Estonia: 50,000 citizens clean up city in a day

Listening to this story makes me think of its opposing umbra, Naples. Problem with Naples though is the lack of waste treatment centres, something you could not build in a day, nevertheless…

“When Estonians regained independence from the former Soviet Union in 1991 they not only acquired new political freedoms, they inherited a mass of rubbish–thousands and thousands of tonnes of it scattered across illegal dumping sites around the country. When concerned citizens decided that the time had come to clean it up, they turned not to the government, but to tens of thousands of their peers.

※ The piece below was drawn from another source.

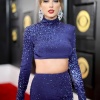 Filename=taylor_0302.jpg
Filesize=736KiB
Dimensions=1365x2048
Date added=Apr 26, 2025 taylor_0302.jpg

Using a combination of global positioning systems and GoogleMaps, two entrepreneurs (Skype guru Ahti Heinla and Microlink and Delfi founder Rainer Nolvak) enlisted volunteers to plot the location of over 10,000 illegal dump sites, including detailed descriptions and photos. That, in itself, was ambitious. Phase II of the clean-up initiative was, by their own admission, rather outrageous: clean-up upwards of 80% of the illegal sites in one day, using mass collaboration.

So, on May 3rd, over 50,000 people scoured fields, streets, forests and riverbanks across the country, picking up everything from tractor batteries to paint tins (see a BBC video here). Much of this junk was ferried to central dumps, often in the vehicles of volunteers.

If 50,000 Estonians can clean-up their country in one day (albeit a relatively small one), what else could they do? As Tiina Urm, a spokesperson for the initiative put it when speaking to Reuters: “It is not really about the rubbish. It is about changing people’s mind sets. Next year it might be something else.”